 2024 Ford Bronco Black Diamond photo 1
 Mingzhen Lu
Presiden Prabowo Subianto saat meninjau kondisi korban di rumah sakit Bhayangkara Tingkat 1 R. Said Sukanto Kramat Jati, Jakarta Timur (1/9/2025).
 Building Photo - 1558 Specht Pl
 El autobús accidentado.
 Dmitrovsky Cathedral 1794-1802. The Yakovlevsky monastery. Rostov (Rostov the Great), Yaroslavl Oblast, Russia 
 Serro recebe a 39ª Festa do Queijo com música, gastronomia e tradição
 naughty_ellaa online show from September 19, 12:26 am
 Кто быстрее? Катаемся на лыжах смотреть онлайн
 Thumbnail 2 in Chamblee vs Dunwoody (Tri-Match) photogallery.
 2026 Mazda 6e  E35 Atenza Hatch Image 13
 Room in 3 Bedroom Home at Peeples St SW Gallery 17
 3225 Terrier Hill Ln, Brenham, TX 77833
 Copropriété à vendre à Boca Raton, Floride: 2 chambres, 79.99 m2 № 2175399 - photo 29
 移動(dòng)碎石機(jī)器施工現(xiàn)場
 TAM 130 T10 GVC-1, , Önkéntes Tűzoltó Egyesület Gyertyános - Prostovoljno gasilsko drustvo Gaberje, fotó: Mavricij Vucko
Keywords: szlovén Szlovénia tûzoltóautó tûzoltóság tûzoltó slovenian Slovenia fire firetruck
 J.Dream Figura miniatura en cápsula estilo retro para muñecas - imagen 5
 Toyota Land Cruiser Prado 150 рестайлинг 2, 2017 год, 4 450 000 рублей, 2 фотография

★ ★ ★ ★ ★ ★ ★

REQUIREMENT » Set down exactly the lines that begin the records and continue through the line bearing "2026 Mazda 6e"; include both ends.

RESPONSE TO THIS EXERCISE »
 2024 Ford Bronco Black Diamond photo 1
 Mingzhen Lu
Presiden Prabowo Subianto saat meninjau kondisi korban di rumah sakit Bhayangkara Tingkat 1 R. Said Sukanto Kramat Jati, Jakarta Timur (1/9/2025).
 Building Photo - 1558 Specht Pl
 El autobús accidentado.
 Dmitrovsky Cathedral 1794-1802. The Yakovlevsky monastery. Rostov (Rostov the Great), Yaroslavl Oblast, Russia 
 Serro recebe a 39ª Festa do Queijo com música, gastronomia e tradição
 naughty_ellaa online show from September 19, 12:26 am
 Кто быстрее? Катаемся на лыжах смотреть онлайн
 Thumbnail 2 in Chamblee vs Dunwoody (Tri-Match) photogallery.
 2026 Mazda 6e  E35 Atenza Hatch Image 13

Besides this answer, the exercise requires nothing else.